──────── Data for processing

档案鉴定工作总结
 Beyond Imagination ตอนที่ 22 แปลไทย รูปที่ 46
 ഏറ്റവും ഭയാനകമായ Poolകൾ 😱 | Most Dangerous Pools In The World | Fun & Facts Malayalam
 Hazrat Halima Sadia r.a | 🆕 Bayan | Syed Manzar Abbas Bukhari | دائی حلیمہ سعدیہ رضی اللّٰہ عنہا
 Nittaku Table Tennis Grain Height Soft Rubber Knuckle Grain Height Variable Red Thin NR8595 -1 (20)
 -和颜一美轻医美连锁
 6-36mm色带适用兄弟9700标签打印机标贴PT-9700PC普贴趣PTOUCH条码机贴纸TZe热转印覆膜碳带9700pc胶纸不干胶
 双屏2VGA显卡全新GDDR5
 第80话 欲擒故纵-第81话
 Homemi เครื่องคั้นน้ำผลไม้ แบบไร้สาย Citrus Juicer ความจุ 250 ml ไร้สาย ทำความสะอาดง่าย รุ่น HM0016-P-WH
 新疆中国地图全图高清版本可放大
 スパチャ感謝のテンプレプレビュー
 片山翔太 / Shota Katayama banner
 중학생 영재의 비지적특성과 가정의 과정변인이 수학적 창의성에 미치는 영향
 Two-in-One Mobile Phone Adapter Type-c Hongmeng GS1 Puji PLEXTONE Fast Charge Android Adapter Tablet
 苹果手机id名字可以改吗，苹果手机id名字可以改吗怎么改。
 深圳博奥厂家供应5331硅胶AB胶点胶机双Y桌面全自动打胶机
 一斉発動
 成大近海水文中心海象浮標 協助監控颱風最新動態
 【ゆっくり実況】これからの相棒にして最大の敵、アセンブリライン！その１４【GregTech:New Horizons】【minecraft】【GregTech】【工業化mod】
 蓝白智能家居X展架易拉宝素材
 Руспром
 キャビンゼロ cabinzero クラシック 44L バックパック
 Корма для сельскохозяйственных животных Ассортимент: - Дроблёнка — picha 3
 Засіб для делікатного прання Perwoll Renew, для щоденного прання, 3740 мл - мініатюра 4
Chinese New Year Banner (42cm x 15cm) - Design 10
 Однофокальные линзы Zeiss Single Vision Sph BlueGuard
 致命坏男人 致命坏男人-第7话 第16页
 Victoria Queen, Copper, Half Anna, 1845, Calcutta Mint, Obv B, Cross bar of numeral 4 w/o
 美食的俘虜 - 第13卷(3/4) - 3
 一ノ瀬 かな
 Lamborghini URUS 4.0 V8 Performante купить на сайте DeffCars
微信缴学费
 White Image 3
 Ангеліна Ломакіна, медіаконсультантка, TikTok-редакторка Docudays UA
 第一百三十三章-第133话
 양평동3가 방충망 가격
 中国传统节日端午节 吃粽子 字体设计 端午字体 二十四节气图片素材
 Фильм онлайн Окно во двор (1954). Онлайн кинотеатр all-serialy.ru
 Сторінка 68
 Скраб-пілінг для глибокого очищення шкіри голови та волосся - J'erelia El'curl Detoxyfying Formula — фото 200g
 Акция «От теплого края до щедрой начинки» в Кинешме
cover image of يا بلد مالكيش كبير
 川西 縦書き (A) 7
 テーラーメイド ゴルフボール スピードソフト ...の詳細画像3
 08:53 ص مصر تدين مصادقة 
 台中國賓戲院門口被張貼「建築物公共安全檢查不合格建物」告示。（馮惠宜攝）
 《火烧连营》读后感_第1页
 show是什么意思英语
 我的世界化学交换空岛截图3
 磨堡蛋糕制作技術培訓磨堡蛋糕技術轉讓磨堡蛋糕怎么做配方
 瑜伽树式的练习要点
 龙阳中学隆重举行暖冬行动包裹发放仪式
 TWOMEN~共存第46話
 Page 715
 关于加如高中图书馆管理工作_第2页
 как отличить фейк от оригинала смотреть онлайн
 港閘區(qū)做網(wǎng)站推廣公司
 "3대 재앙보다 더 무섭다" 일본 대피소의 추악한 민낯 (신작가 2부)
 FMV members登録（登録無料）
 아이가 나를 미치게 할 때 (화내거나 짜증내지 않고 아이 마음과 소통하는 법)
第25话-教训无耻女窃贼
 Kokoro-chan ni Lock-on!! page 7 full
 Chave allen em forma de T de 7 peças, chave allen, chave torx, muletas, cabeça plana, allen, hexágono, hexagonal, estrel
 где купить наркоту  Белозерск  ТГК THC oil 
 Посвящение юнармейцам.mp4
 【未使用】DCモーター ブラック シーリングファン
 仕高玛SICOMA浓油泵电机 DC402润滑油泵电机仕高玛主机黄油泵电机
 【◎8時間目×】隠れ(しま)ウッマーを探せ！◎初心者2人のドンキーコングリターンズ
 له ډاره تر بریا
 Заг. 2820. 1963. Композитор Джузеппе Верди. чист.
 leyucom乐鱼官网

────────────────

● **Exercise directions**: Starting with the first line of the entries, transcribe every line up to and including the one with "成大近海水文中心海象浮標 協助監控颱風最新動態".

● **Exercise answer**:
档案鉴定工作总结
 Beyond Imagination ตอนที่ 22 แปลไทย รูปที่ 46
 ഏറ്റവും ഭയാനകമായ Poolകൾ 😱 | Most Dangerous Pools In The World | Fun & Facts Malayalam
 Hazrat Halima Sadia r.a | 🆕 Bayan | Syed Manzar Abbas Bukhari | دائی حلیمہ سعدیہ رضی اللّٰہ عنہا
 Nittaku Table Tennis Grain Height Soft Rubber Knuckle Grain Height Variable Red Thin NR8595 -1 (20)
 -和颜一美轻医美连锁
 6-36mm色带适用兄弟9700标签打印机标贴PT-9700PC普贴趣PTOUCH条码机贴纸TZe热转印覆膜碳带9700pc胶纸不干胶
 双屏2VGA显卡全新GDDR5
 第80话 欲擒故纵-第81话
 Homemi เครื่องคั้นน้ำผลไม้ แบบไร้สาย Citrus Juicer ความจุ 250 ml ไร้สาย ทำความสะอาดง่าย รุ่น HM0016-P-WH
 新疆中国地图全图高清版本可放大
 スパチャ感謝のテンプレプレビュー
 片山翔太 / Shota Katayama banner
 중학생 영재의 비지적특성과 가정의 과정변인이 수학적 창의성에 미치는 영향
 Two-in-One Mobile Phone Adapter Type-c Hongmeng GS1 Puji PLEXTONE Fast Charge Android Adapter Tablet
 苹果手机id名字可以改吗，苹果手机id名字可以改吗怎么改。
 深圳博奥厂家供应5331硅胶AB胶点胶机双Y桌面全自动打胶机
 一斉発動
 成大近海水文中心海象浮標 協助監控颱風最新動態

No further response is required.